▶ _Supplied data_
>>>

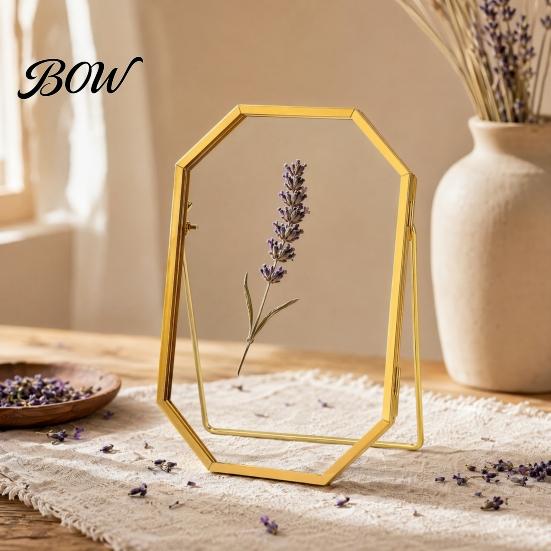 Personalized Memory Frame Glass Press for Dried Flowers, Octagonal Metal Shadow Box with Handprint Clear Glass, Wall Hanging Plant Display Frame, DIY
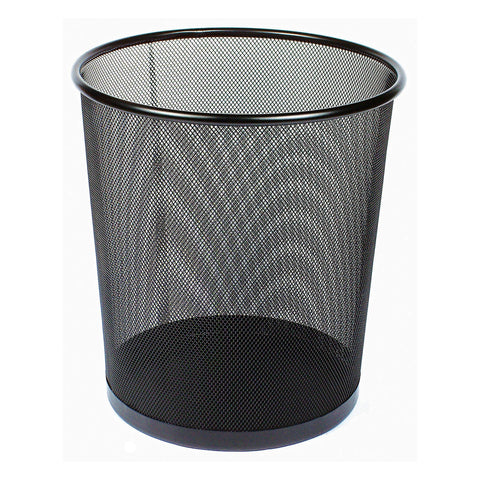 Wastepaper/Waste Bin - Metal Mesh - Lightweight and Robust - 23.5 x 27 cm - Black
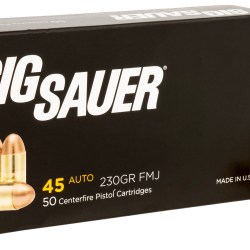 Sig Sauer E45BA350 Elite Ball  45ACP 230gr Full Metal Jacket 50 Per Box/20 Case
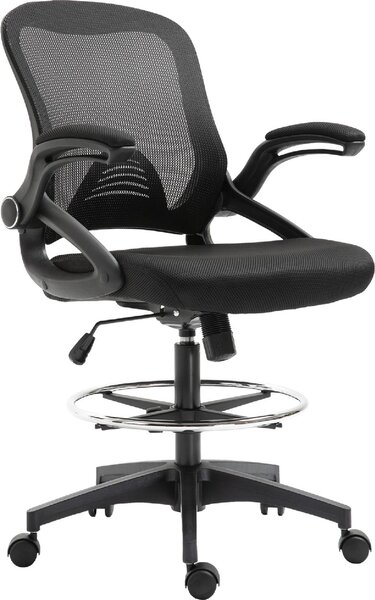Icon Space Sedia Ergonomica con Ruote e Braccioli in Tessuto Mesh colore Nero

<<<

▶ _Task item_
Copy the data in full. No pictures belong in the copy.

▶ _Completed task_
 Personalized Memory Frame Glass Press for Dried Flowers, Octagonal Metal Shadow Box with Handprint Clear Glass, Wall Hanging Plant Display Frame, DIY
 Wastepaper/Waste Bin - Metal Mesh - Lightweight and Robust - 23.5 x 27 cm - Black
 Sig Sauer E45BA350 Elite Ball  45ACP 230gr Full Metal Jacket 50 Per Box/20 Case
Icon Space Sedia Ergonomica con Ruote e Braccioli in Tessuto Mesh colore Nero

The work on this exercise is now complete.